Australian property a housing market in waiting

The rental market is a huge sector in Australia and a shortage of new homes is set to strengthen landlord returns. The ANZ Bank’s latest property report states “shortage of dwellings and the flight of investors from the residential sector are causing a decline in rental vacancies and placing upward pressure on rents”. Research at ipac securities indicates that over the very long term property price increases are estimated to be at an average rate of 1 per cent to 3 per cent above inflation. However over shorter periods, the returns can be lower or even negative.
Australian property investors benefited from a once buoyant Australian real estate market. A ten year period to 31 December 2005, saw residential property nationwide return on average a 9.5 per cent annually. The real boom years for property in Australia were between 1999 and late 2003 to mid 2004.
The Australian housing market today does not appear to be attracting Australian property investors. Research conducted by real estate money management firm Jones Lang LaSalle found that Australian investors spent $US5.3 billion ($A7.06 billion) into overseas real estate in the first half of this year, up from only $US1.2 billion ($A1.6 billion) in the first half of 2005.
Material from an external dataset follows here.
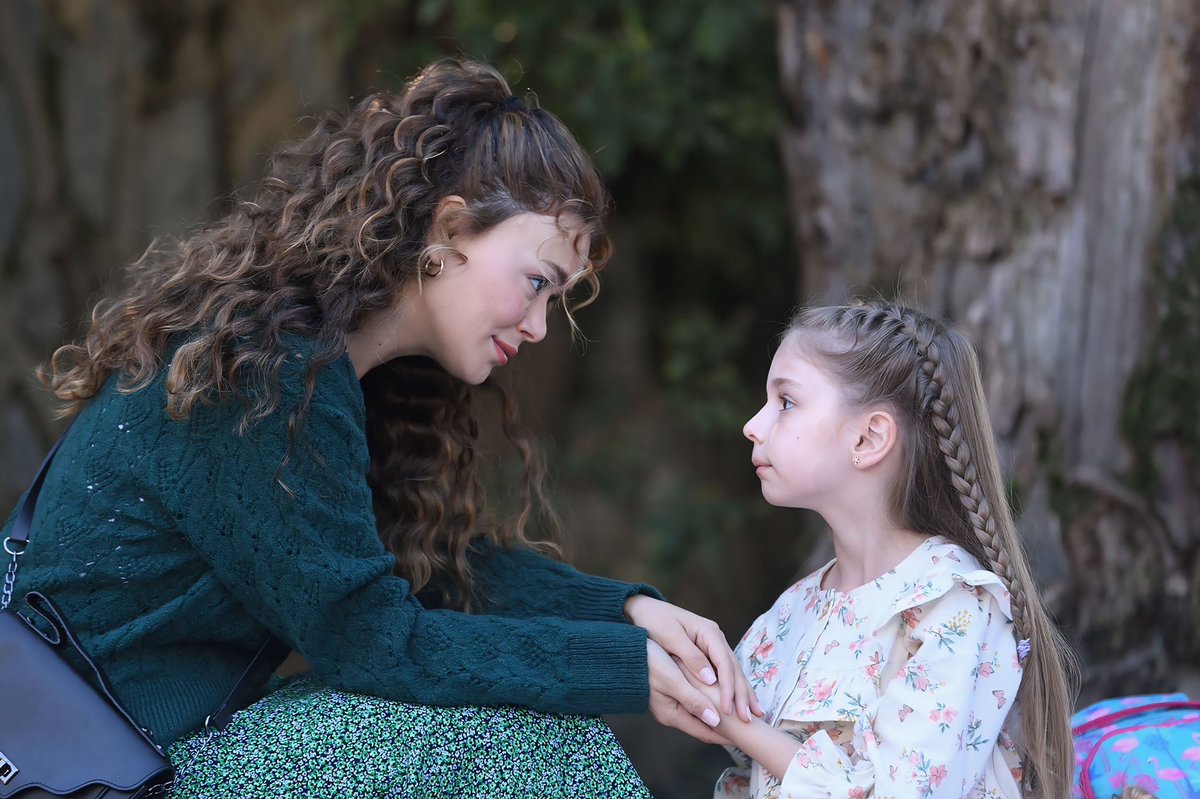 scbrixeb's tweet photo. #BirKüçükGünIşığı 
#SerayKaya #Azraaksu
 الحب يأتي من القلب ليس دائما من روابط الدم 🤍 https://t.co/sFfVQWH00j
Jones Lang LaSalle head of forecasting services John Sears said an increase in the amount of superannuation allocated to listed property trusts (LPT) was largely driving the flight overseas, with LPTs seeking to diversify their portfolios and capitalise on high overseas yields.
Australian property experts estimate that housing starts were on the decline. The Housing Industry Association revised its national forecast from an expected 3 per cent rise for 2006-07, to a 1 per cent drop in a survey released this month. HIA chief economist Harley Dale said that while the majority of housing analysts had expected a recovery this financial year, it would now take longer, with relief for homeowners and investors not arriving until 2007-08.
Citigroup has issued a warning for Investa Property Group, saying that while its office and wholesale fund operations are high quality with growth potential, its residential development arm will feel some pressure.
“Investa has a current weakness in its residential development division, which has led the analysts to drop their earnings per security forecasts for 2007-08 by 4 per cent and the 2008-09 EPS [earnings per share] forecast by 3.9 per cent,” the broker wrote in a note to clients.
The high demand for Australian rental property combined with lower Australian house prices seem to be good conditions for the overseas property investors.